*Task to carry out*:
Skip pictures in the listing below; copy exactly the lines from the one with "Fichajes Ascenso: Barrida" through the one with "Ein Zuhause, das", inclusive.

*Supplied data*:
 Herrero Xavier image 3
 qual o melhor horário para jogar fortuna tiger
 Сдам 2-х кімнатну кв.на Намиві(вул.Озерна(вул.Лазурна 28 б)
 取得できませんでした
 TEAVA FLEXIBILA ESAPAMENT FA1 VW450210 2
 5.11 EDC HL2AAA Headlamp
--
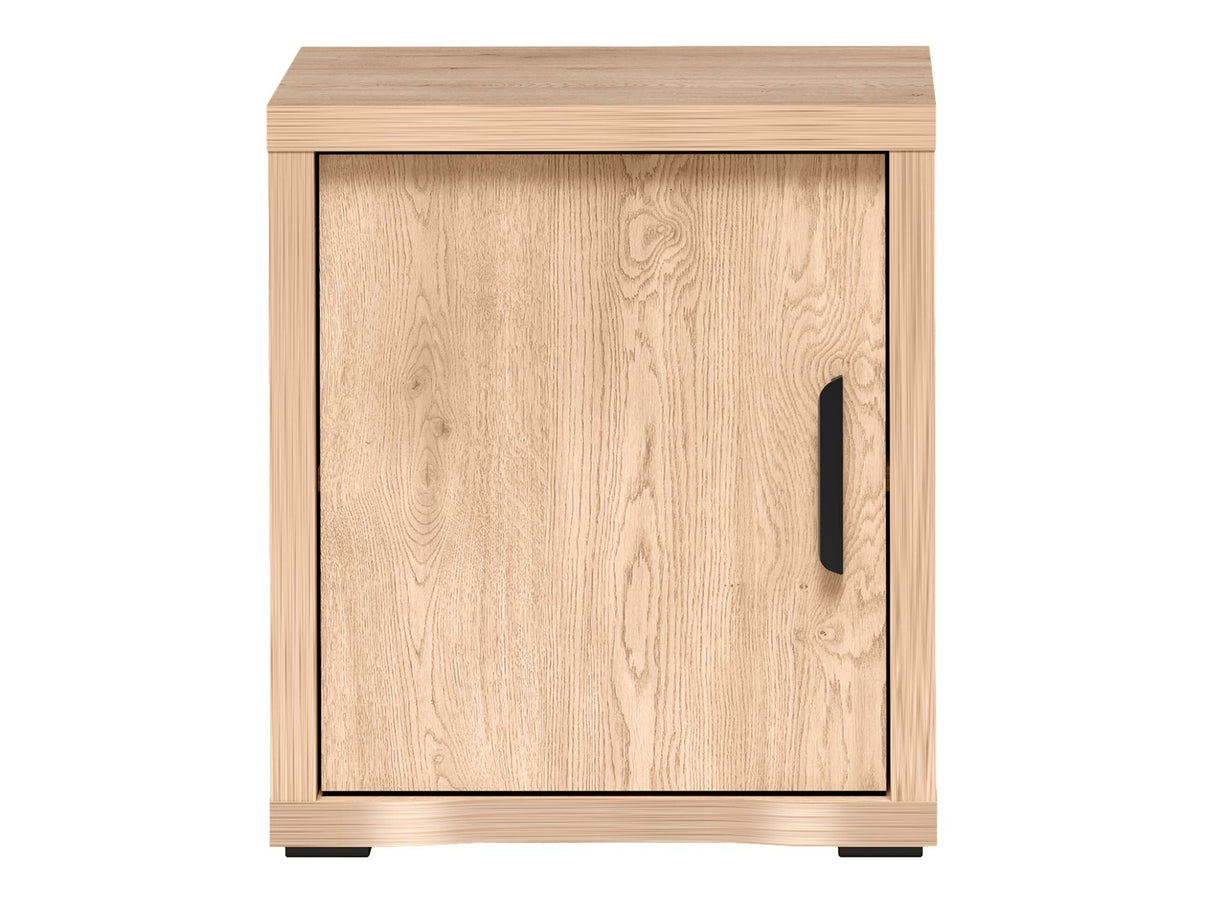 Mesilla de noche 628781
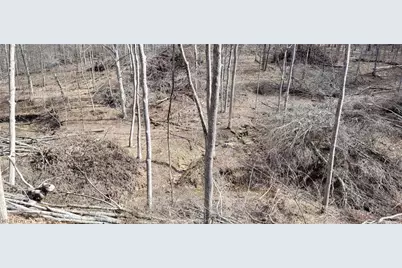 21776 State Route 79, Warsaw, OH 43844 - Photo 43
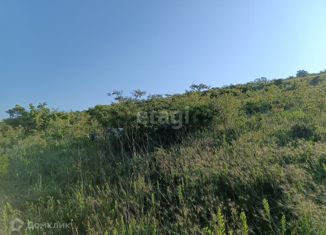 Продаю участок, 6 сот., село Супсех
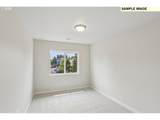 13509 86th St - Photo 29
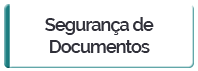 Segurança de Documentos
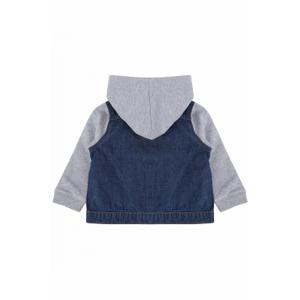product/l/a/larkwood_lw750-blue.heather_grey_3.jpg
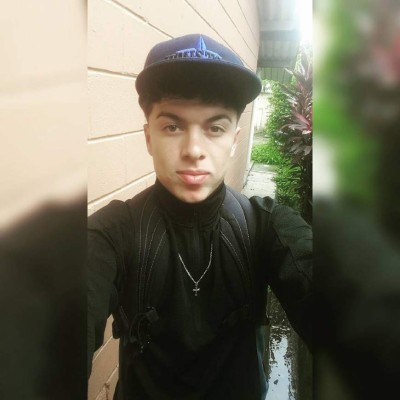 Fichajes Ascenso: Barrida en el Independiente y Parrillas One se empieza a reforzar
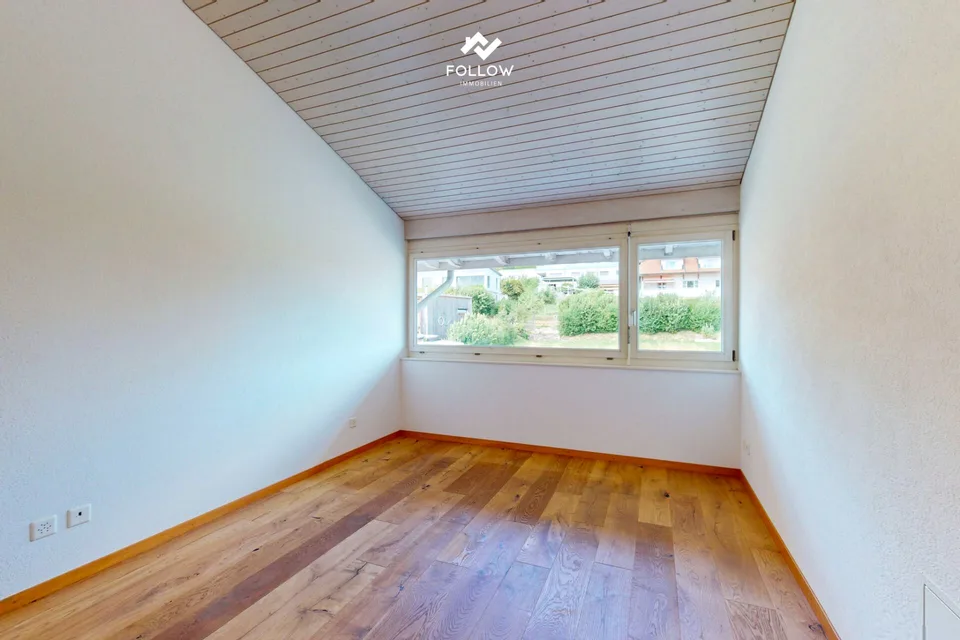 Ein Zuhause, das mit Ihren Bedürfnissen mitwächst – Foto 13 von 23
* * *
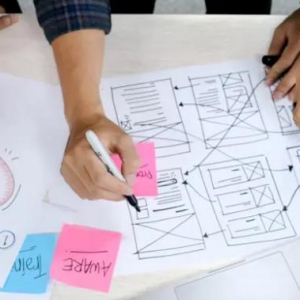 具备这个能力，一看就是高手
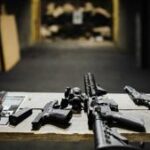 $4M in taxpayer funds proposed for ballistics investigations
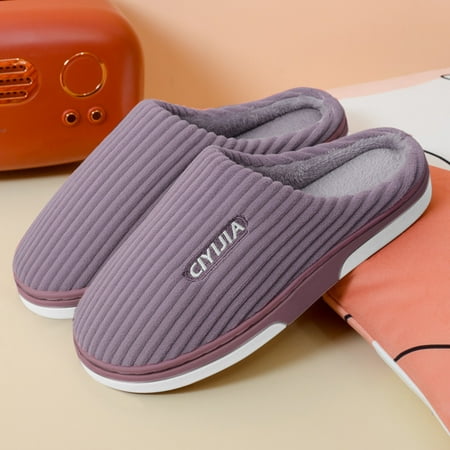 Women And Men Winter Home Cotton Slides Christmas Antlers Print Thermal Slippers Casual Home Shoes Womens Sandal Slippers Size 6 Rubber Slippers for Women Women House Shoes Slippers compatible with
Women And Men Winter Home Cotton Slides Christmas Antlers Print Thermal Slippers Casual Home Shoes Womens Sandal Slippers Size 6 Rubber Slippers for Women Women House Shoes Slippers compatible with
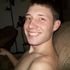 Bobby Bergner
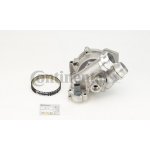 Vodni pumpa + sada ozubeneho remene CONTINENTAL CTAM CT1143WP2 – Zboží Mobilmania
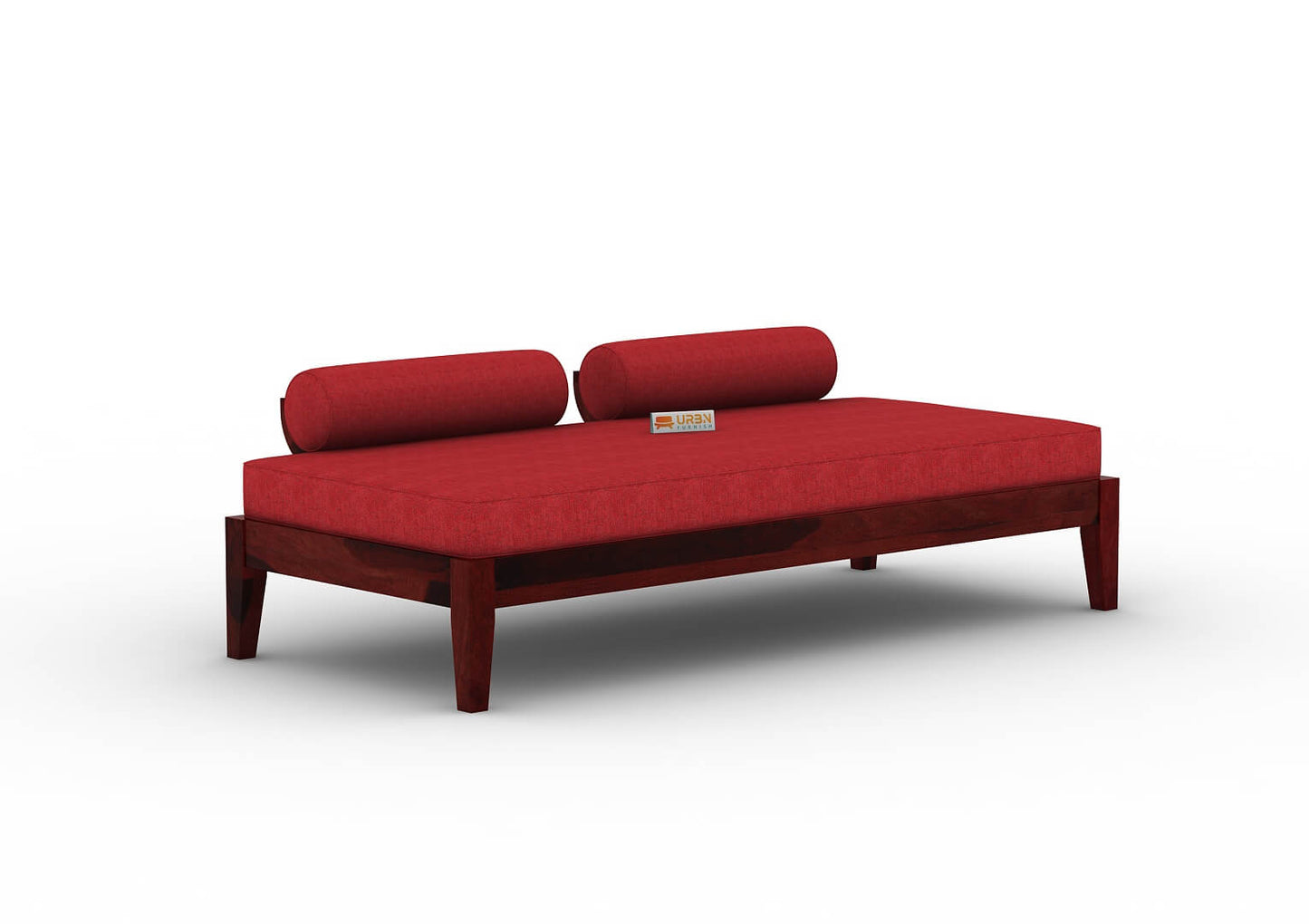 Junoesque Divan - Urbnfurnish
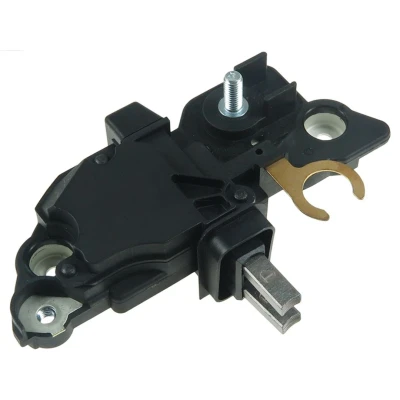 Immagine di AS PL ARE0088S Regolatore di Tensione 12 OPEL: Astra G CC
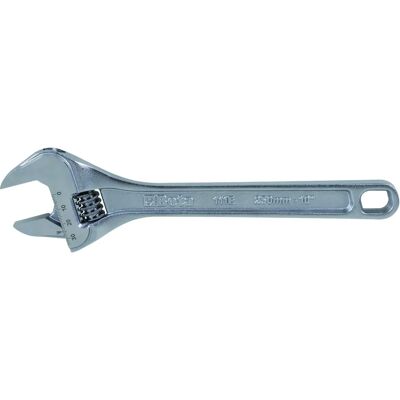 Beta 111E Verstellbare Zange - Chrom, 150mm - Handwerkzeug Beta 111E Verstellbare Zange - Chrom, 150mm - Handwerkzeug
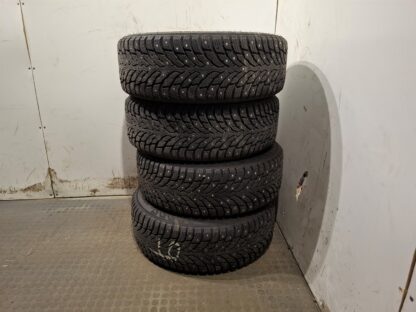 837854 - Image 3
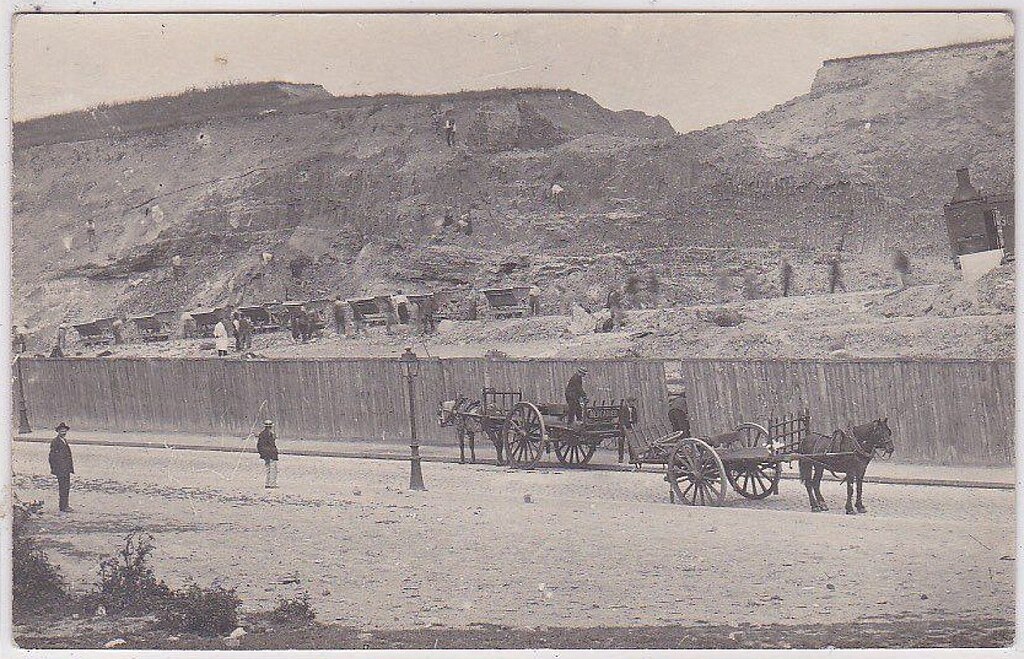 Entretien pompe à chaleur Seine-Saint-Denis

*Task response*:
 Fichajes Ascenso: Barrida en el Independiente y Parrillas One se empieza a reforzar
 Ein Zuhause, das mit Ihren Bedürfnissen mitwächst – Foto 13 von 23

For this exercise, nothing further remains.